--- What is needed ---
In the material below, please retype the lines from the very first through the one with "Dracaena Deremensis Warneckii - Branched", exactly and without pictures.

--- Data to use ---
⁂

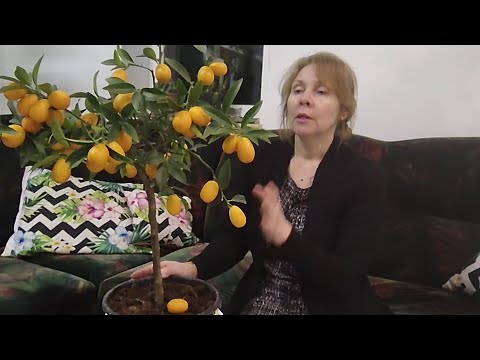 Видео: Собираю урожай кумквата.  Уход за ним.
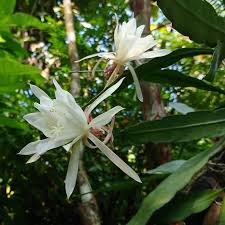 Grün Epiphyllum Blumensamen zur Aussaat – leuchtend Blüten – Traditionssorte & ohne Gentechnik Samen Hausgarten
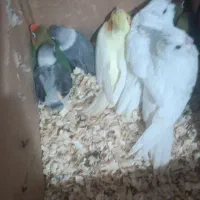 جوجه عروس هلندی و کوتوله سرلاکی|پرنده|بم, |دیوار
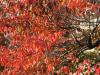 桜紅葉20121119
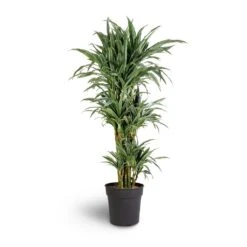 Dracaena Deremensis Warneckii - Branched -Hortology Shop Dracaena deremensis Warneckii Branched 27x120cm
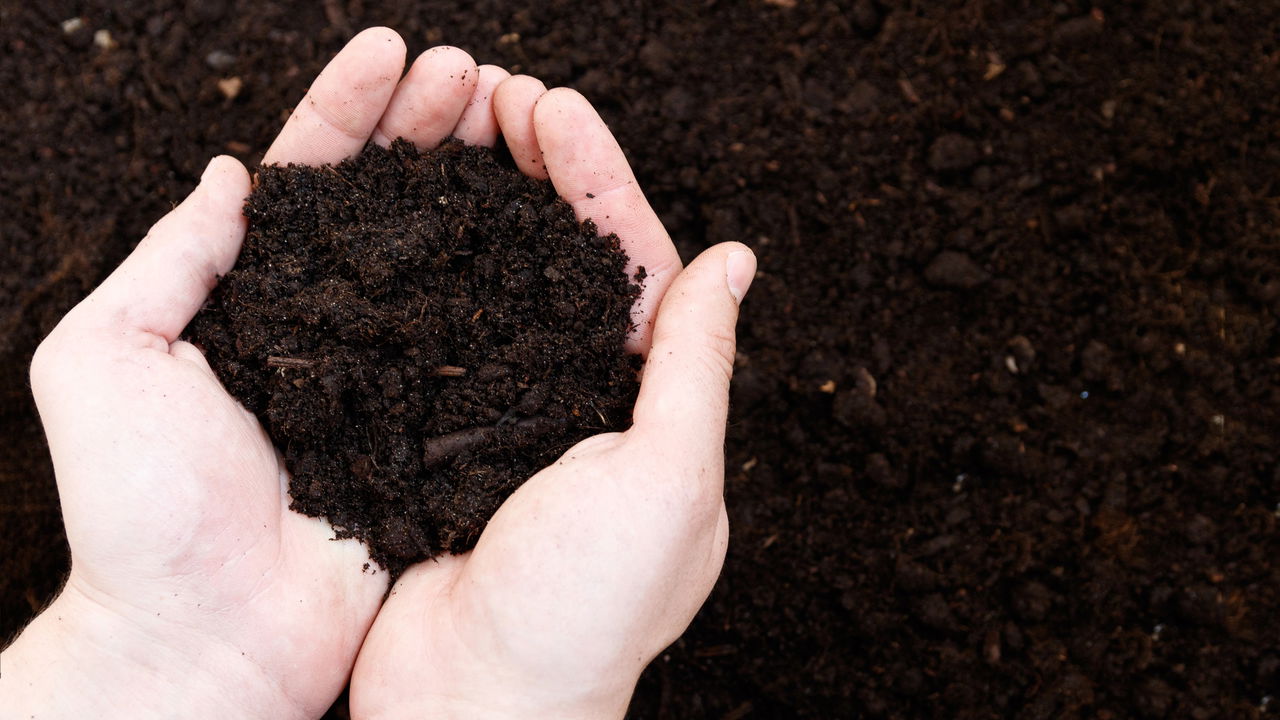 Astrologia no jardim revela como signos influenciam no cultivo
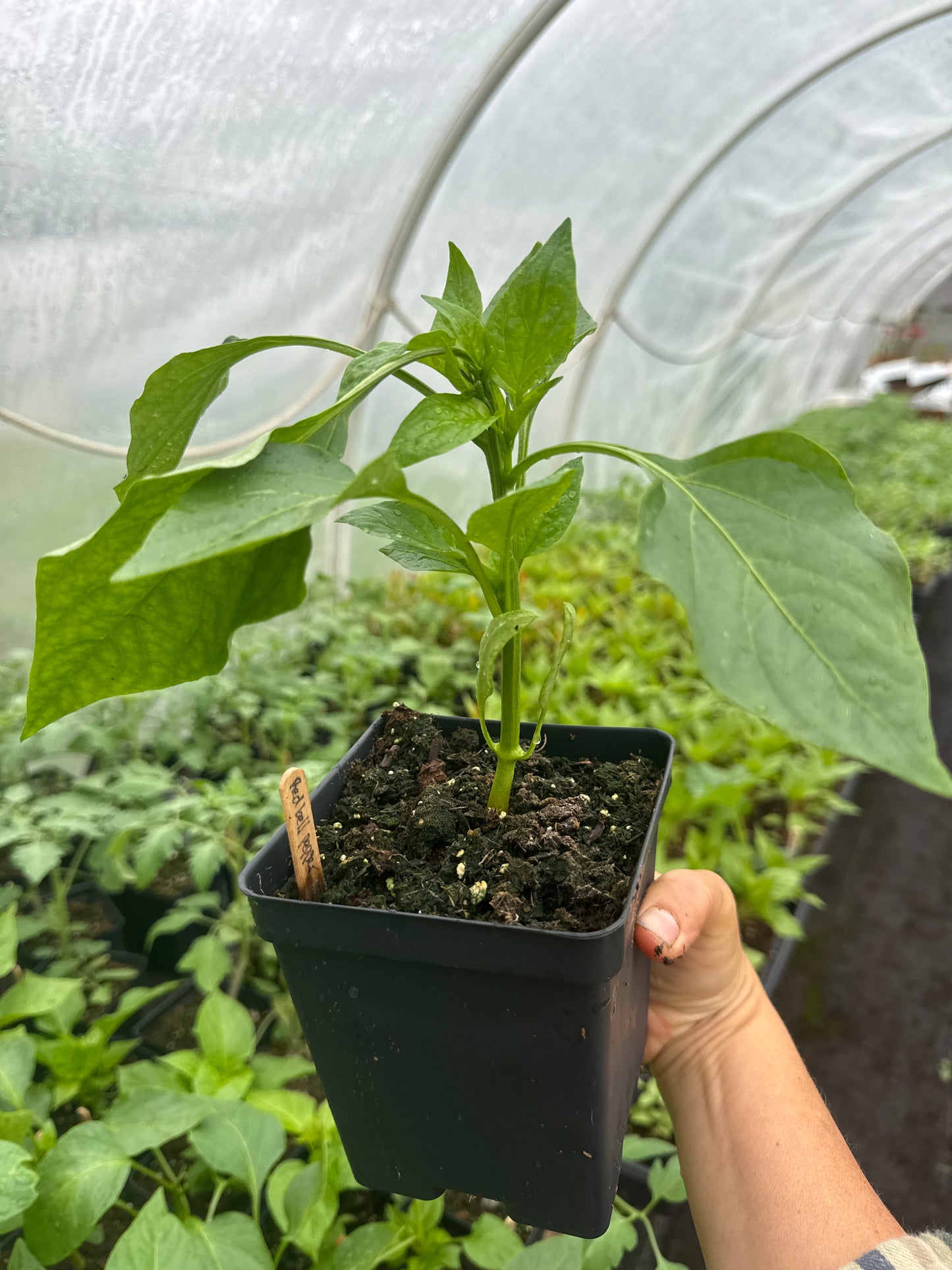 Red Bell Pepper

⁂

--- Result of the task ---
 Видео: Собираю урожай кумквата.  Уход за ним.
 Grün Epiphyllum Blumensamen zur Aussaat – leuchtend Blüten – Traditionssorte & ohne Gentechnik Samen Hausgarten
 جوجه عروس هلندی و کوتوله سرلاکی|پرنده|بم, |دیوار
 桜紅葉20121119
 Dracaena Deremensis Warneckii - Branched -Hortology Shop Dracaena deremensis Warneckii Branched 27x120cm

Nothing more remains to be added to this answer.